Di dalam toko, seorang pria dengan pakaian kulit hitam dan rambut merah menyala diikat ekor kuda tinggi berbaring di satu-satunya sofa seperti kucing.
“Temukan.”
Derivis melemparkan kalung yang diambilnya dari tenggorokan mayat itu. Pria itu mengambilnya dari lantai dengan gerakan lesu dan tersenyum.
“Saya dapat menemukannya dengan mata tertutup. Mereka anak-anak nakal… Dari mana kamu mendapatkan kalung ini?”
“Temukan mereka, Nathan.”
Seringai Nathan semakin dalam melihat sorot mata Derivis dan dia berdiri. Dia sudah lama tidak melihatnya begitu marah, dan itu membuatnya penasaran.

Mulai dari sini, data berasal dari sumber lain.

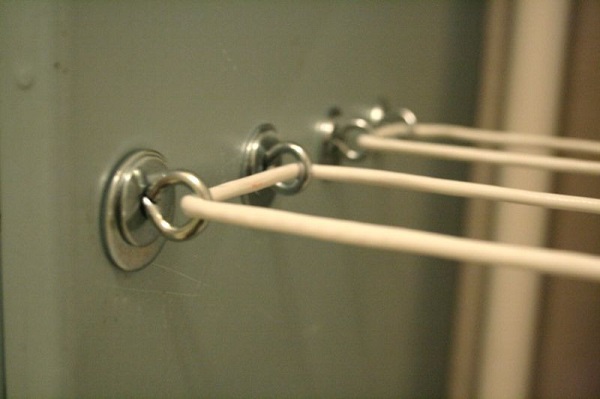 фото: сушилка для белья на балкон своими руками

Nathan menutupi wajahnya dengan kain hitam. Yang terlihat di wajah mungilnya hanyalah mata emasnya.
“Dan?”
Derivis menjawab pertanyaan Nathan dengan suara tidak sabar.
“Bunuh semua orang kecuali wanita berambut platinum.”
Derivis berulang kali menyarungkan dan menghunuskan pedang panggilannya. Mata Nathan berkedip-kedip, dan ia melangkah ke arah lilin dan memadamkan apinya dengan jarinya.
Denting, denting.
Satu-satunya suara dalam kegelapan pekat adalah dentingan gagang pedang Derivis pada sarungnya.
⊱⊱⊱────── {. ⋅ ✧✧✧ ⋅ .} ────── ⊰⊰⊰
Tak lama kemudian, kekhawatiran Rosalie pun berakhir. Nathan, yang memasuki rumah tanpa disadari, dengan cepat menyerang semua tentara bayaran.
“Bergerak.”
Namun Nathan tidak berhenti sampai disitu saja dan mencoba membunuh Bianca juga. Rosalie memblokir pedangnya, berdiri di antara mereka.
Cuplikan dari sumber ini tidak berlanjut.